-- Data excerpt follows --

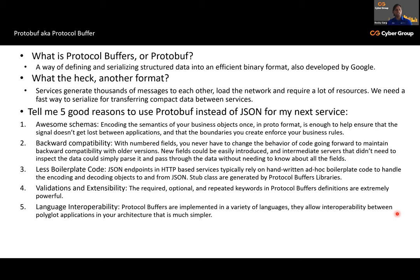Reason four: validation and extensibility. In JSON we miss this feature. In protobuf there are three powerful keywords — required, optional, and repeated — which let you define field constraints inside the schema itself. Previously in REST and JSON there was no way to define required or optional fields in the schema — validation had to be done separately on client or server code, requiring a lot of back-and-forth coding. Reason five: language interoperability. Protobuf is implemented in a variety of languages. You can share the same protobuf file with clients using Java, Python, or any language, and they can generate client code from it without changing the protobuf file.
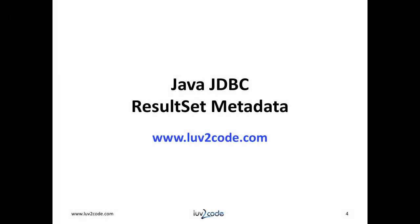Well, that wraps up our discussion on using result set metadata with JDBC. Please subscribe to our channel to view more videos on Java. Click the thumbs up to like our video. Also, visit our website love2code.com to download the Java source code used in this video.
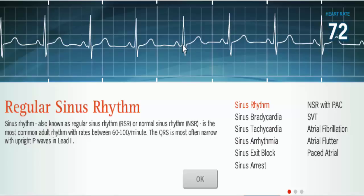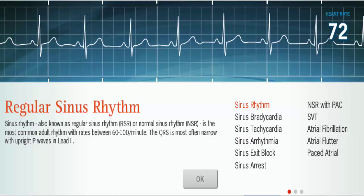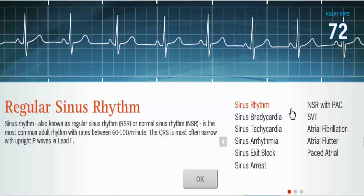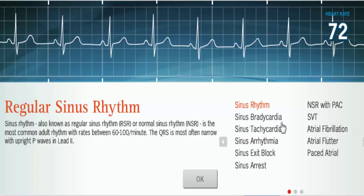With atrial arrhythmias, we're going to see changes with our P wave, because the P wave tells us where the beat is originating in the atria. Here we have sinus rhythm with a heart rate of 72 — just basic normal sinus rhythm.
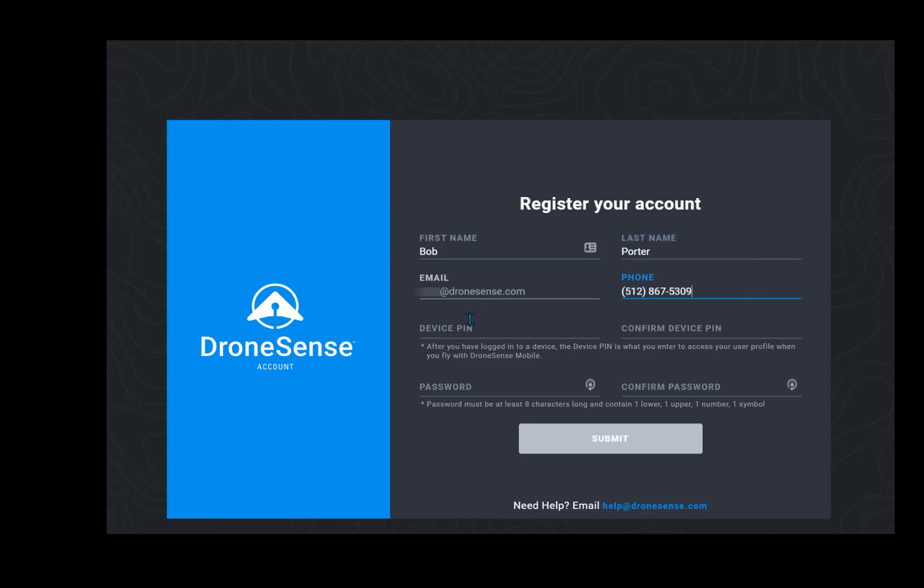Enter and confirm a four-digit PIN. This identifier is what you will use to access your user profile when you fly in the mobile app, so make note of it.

-- Data excerpt concluded --

Could you output the lines above exactly, with no pictures included?

◆ **Solution below**
Reason four: validation and extensibility. In JSON we miss this feature. In protobuf there are three powerful keywords — required, optional, and repeated — which let you define field constraints inside the schema itself. Previously in REST and JSON there was no way to define required or optional fields in the schema — validation had to be done separately on client or server code, requiring a lot of back-and-forth coding. Reason five: language interoperability. Protobuf is implemented in a variety of languages. You can share the same protobuf file with clients using Java, Python, or any language, and they can generate client code from it without changing the protobuf file.
Well, that wraps up our discussion on using result set metadata with JDBC. Please subscribe to our channel to view more videos on Java. Click the thumbs up to like our video. Also, visit our website love2code.com to download the Java source code used in this video.
With atrial arrhythmias, we're going to see changes with our P wave, because the P wave tells us where the beat is originating in the atria. Here we have sinus rhythm with a heart rate of 72 — just basic normal sinus rhythm.
Enter and confirm a four-digit PIN. This identifier is what you will use to access your user profile when you fly in the mobile app, so make note of it.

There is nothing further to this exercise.